License: GPL‑3.0. Repo, source, and DMG releases:
Link to GitHub Project
I’d really appreciate testing reports from other macOS-supported AMD cards:
RDNA 1: RX 5500 / 5600 / 5700
RDNA 2: RX 6600 / 6700 / 6800 / 6900
Older Polaris / Vega
At the moment it’s not working on GCN/Polaris GPUs like the RX 560 / RX 580, but I’m working on a patch for that and hope to get it fairly soon.
What’s new – June 18, 2026
Update (v0.81.25+):
- You can now attach files in chat, including PDFs. Text is extracted automatically, and scanned PDFs are read with on-device OCR. Image input for vision models is also landing: drop in a vision model with its mmproj (for example, gemma-3-4b) and you can attach an image and ask questions about it. Vision is experimental; the image encoder runs partly on CPU on AMD GPUs (some Metal ops aren’t supported), so it works but isn’t fully GPU-accelerated yet.
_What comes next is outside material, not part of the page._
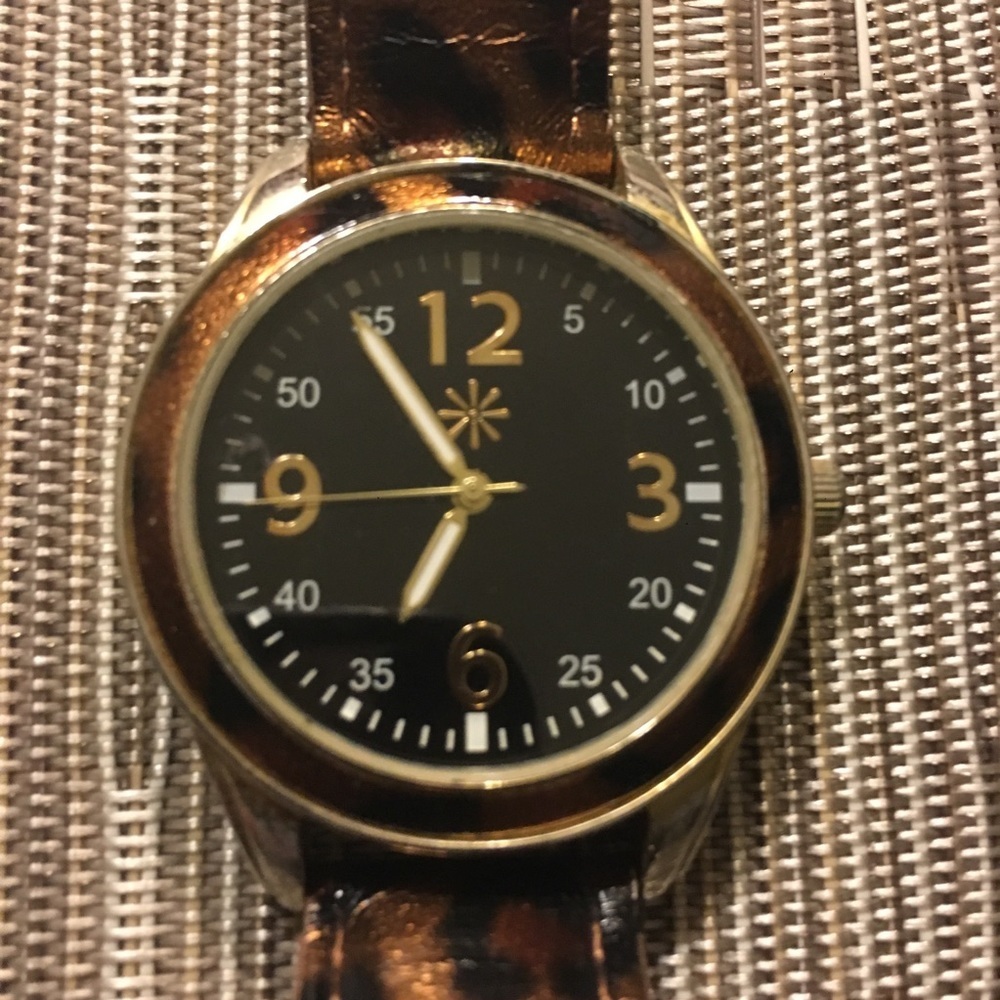 💍Issac Mizrahi Leopard Watch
- AMD Flash Attention kernel (experimental engine): a from-scratch Metal kernel that runs attention on the AMD GPU for quantized/turbo KV caches, which otherwise fall back to the CPU and collapse at depth. Supports head dims 128, 256, and now 512, so Google’s Gemma 4 global-attention layers run on the GPU too (≈4× faster than the CPU fallback). Big win for long contexts and quantized KV.
- Remember conversations (disk cache): in testing, each chat’s KV cache is persisted. Reopening a conversation or restarting the app skips re-processing the prompt. Reload is byte-exact (verified faithful even under sampling); a long chat comes back in well under a second instead of re-prefilling.
- Faster cold start for external clients (VS Code / Cline): in testing, the engine now pre-warms its cache across restarts, so the big fixed 15–19k-token prompt those clients send isn’t re-processed from scratch on the first request (which used to take minutes).
- Split model across all GPUs: experimental. For machines with multiple cards, splits the model’s layers over every detected GPU. Flagged as unvalidated on AMD/Metal in the UI – testing reports from multi-GPU setups are very welcome.
- Redesigned model manager: card-based UI (Recommended / Browse / My models), hardware-aware recommendations per use case (fastest / balanced / quality / coding), live “Trending on Hugging Face,” and downloads with live progress + pause/resume.
- Dedicated Logs tab with search, severity filter, and diagnostics export, plus context size selectable up to 256k for testing.
- Default UI language is now English (switchable to Spanish in Settings).
As always, feedback and testing reports on other AMD cards are hugely appreciated.